*** Opening of PROVIDED RECORDS ***

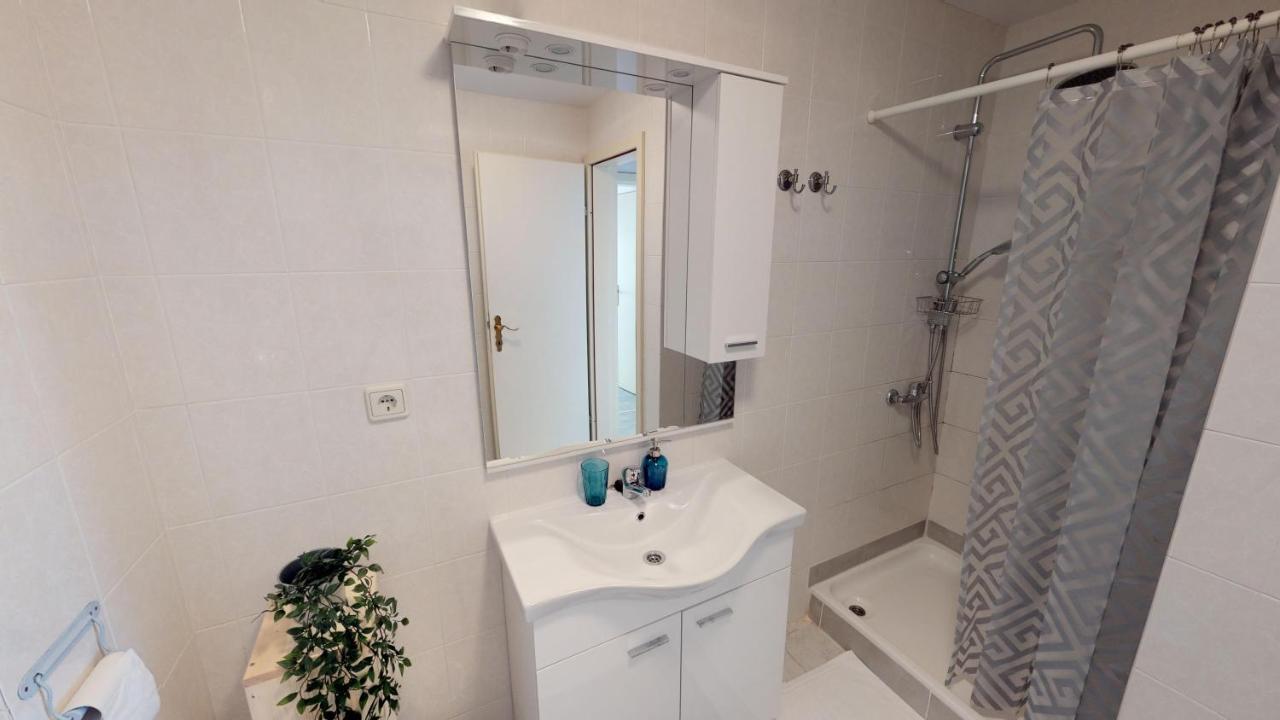 Lora Deluxe Superior 5 Star Apartment, Your Piece Of Heaven By The Sea & Park With Sea & Park View Novigrad Istria Eksteriør bilde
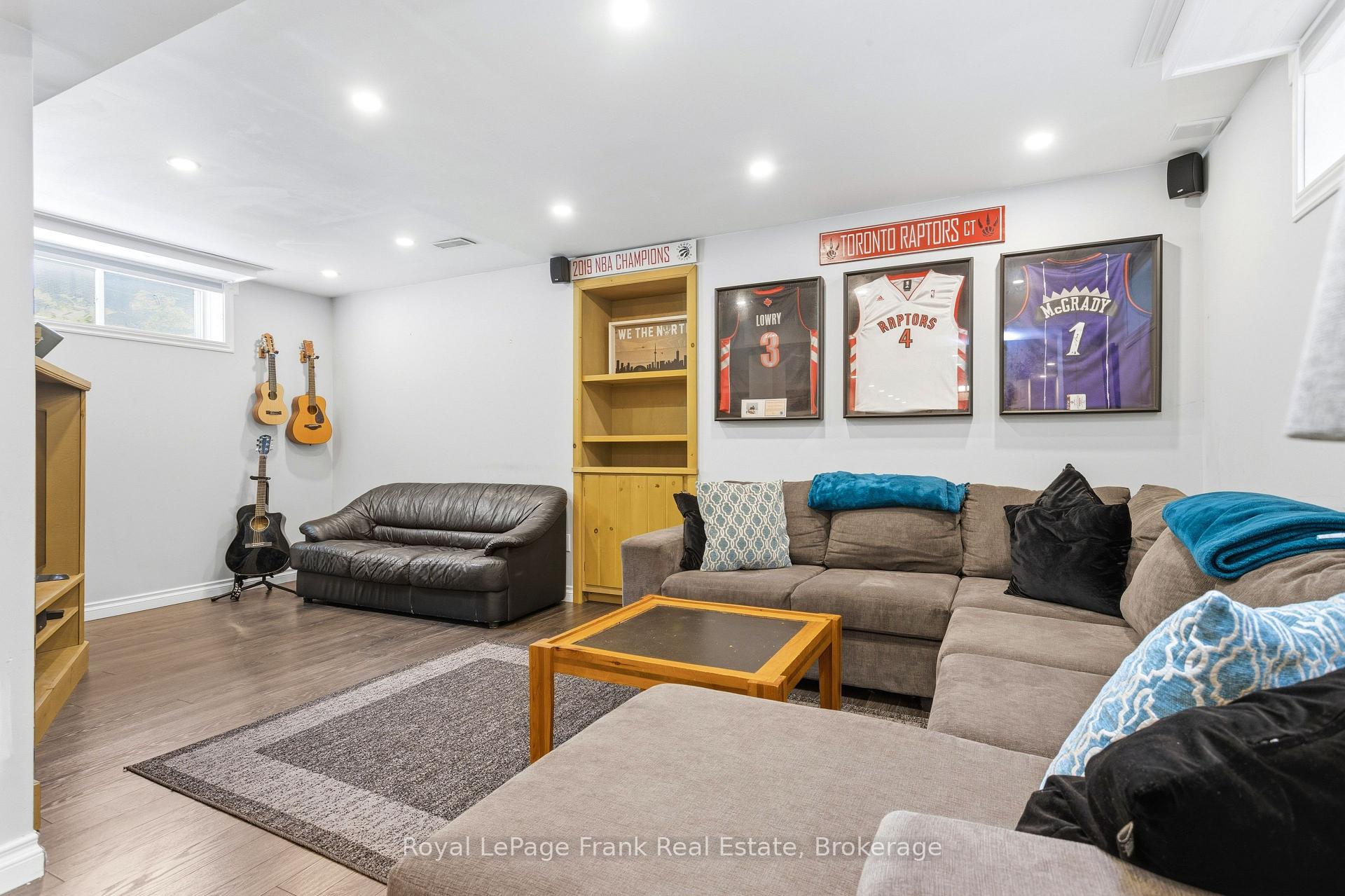 Photo 20 of 1340 Wadebridge Crescent, Oshawa, Eastdale — HOMEH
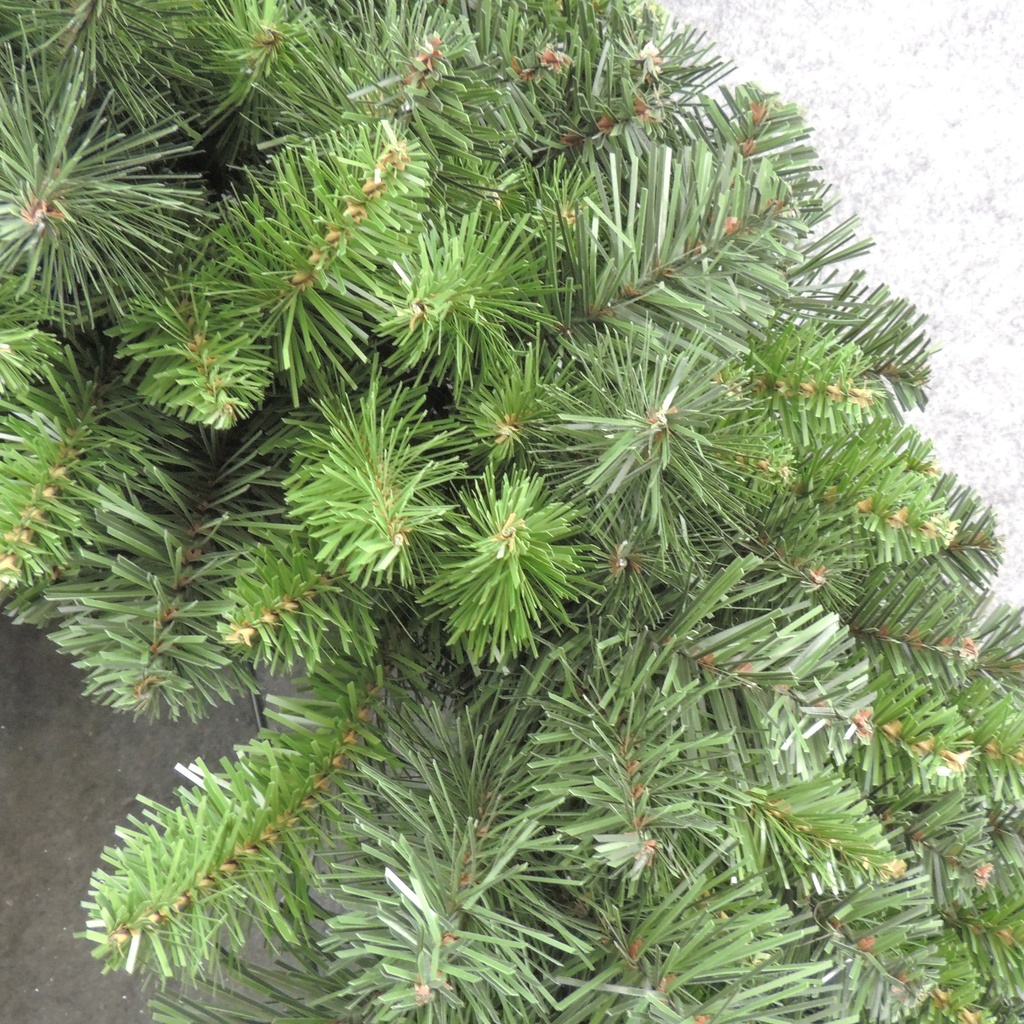 24&quot; TWO-TONE GREEN PINE WREATH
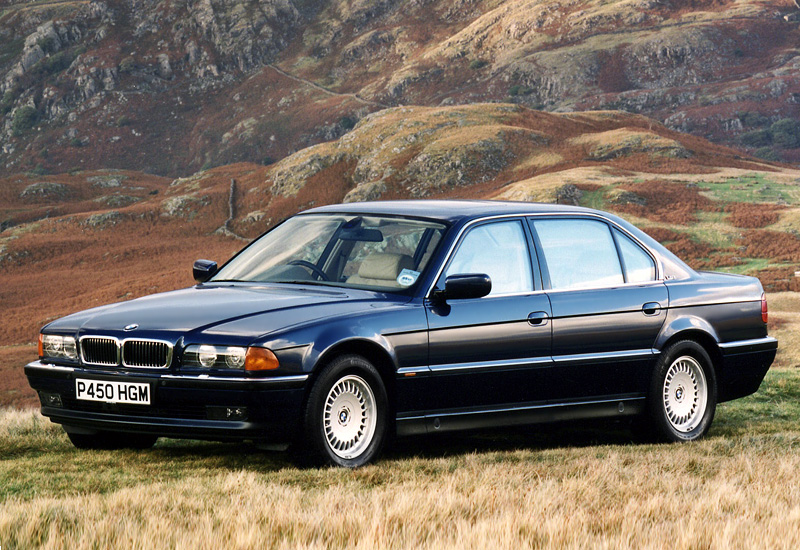 BMW 750iL (E38) = 250+ км/ч. 330 л.с. 6.5 сек.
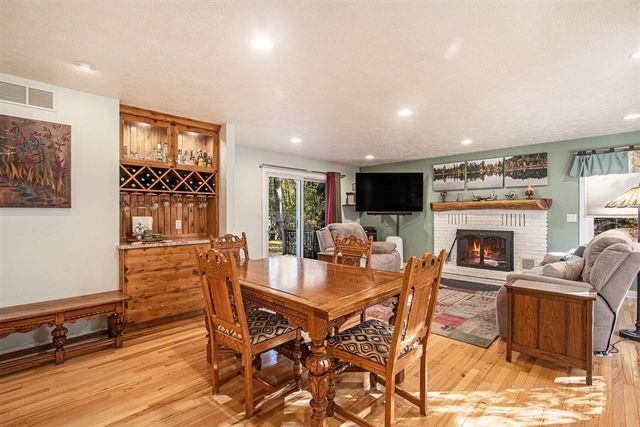 89 S Division Avenue, Holland, MI 49424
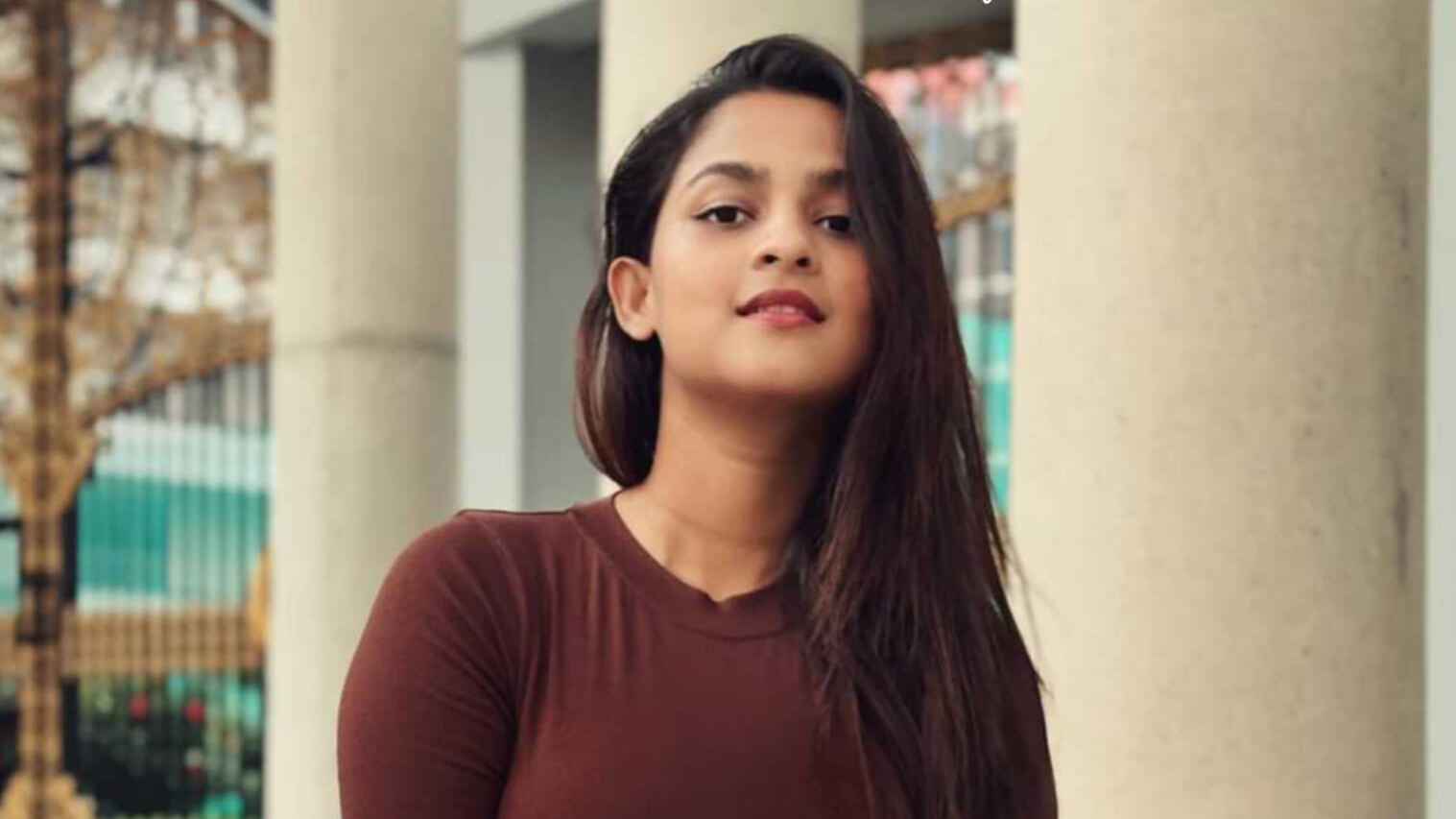 সস্তা প্রচারণায় ক্ষুব্ধ নেটিজেন, তোপের মুখে পালালেন সাদিয়া আয়মান! 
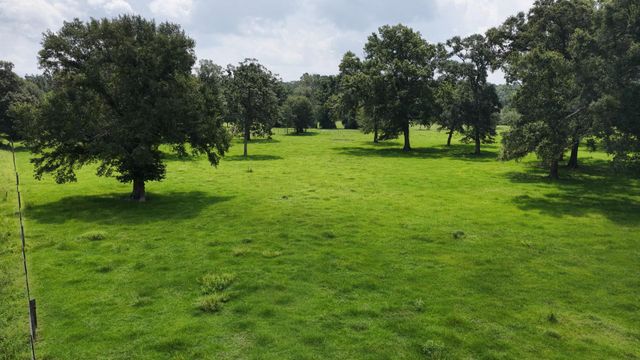 100 E Hill Ranch Lane, New Waverly, TX 77358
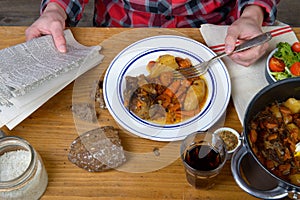 A man eat beef carrot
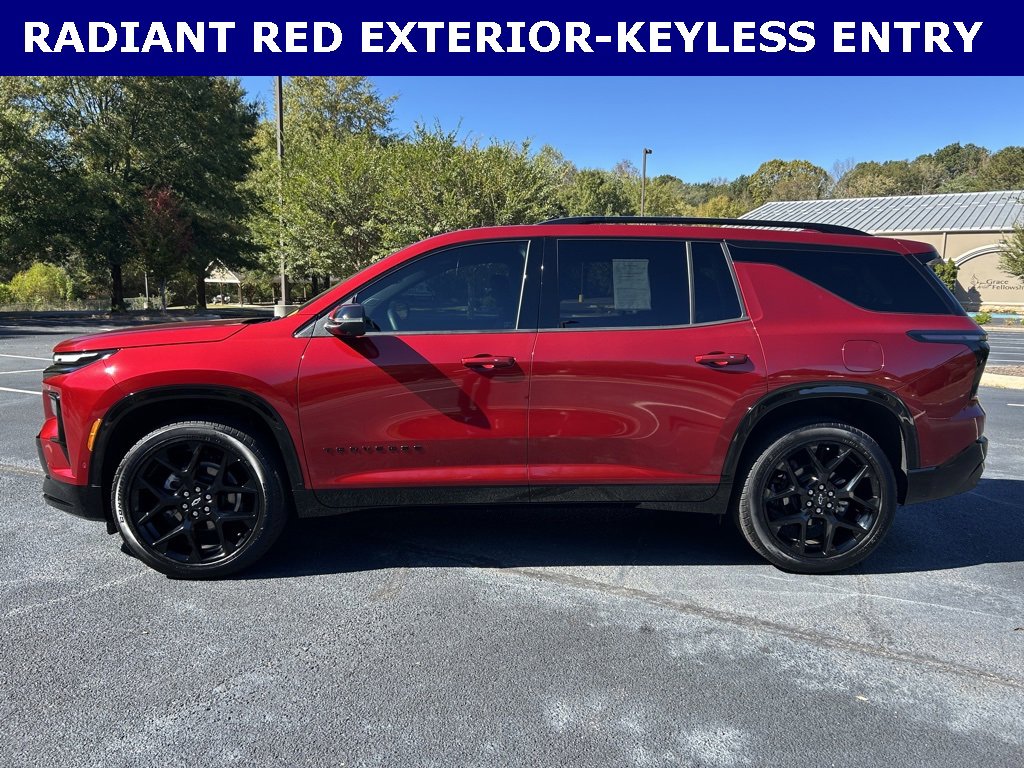 Used 2024 Chevrolet Traverse RS w/ LPO, Floor Liner Package image 12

*** Close of PROVIDED RECORDS ***

WHAT TO PRODUCE
Exactly the lines from the one that contains "89 S Division Avenue, Holland, MI 49424" to the last line of the data, both included, should be set down, and no pictures should appear among them.

WRITTEN SOLUTION
 89 S Division Avenue, Holland, MI 49424
 সস্তা প্রচারণায় ক্ষুব্ধ নেটিজেন, তোপের মুখে পালালেন সাদিয়া আয়মান! 
 100 E Hill Ranch Lane, New Waverly, TX 77358
 A man eat beef carrot
 Used 2024 Chevrolet Traverse RS w/ LPO, Floor Liner Package image 12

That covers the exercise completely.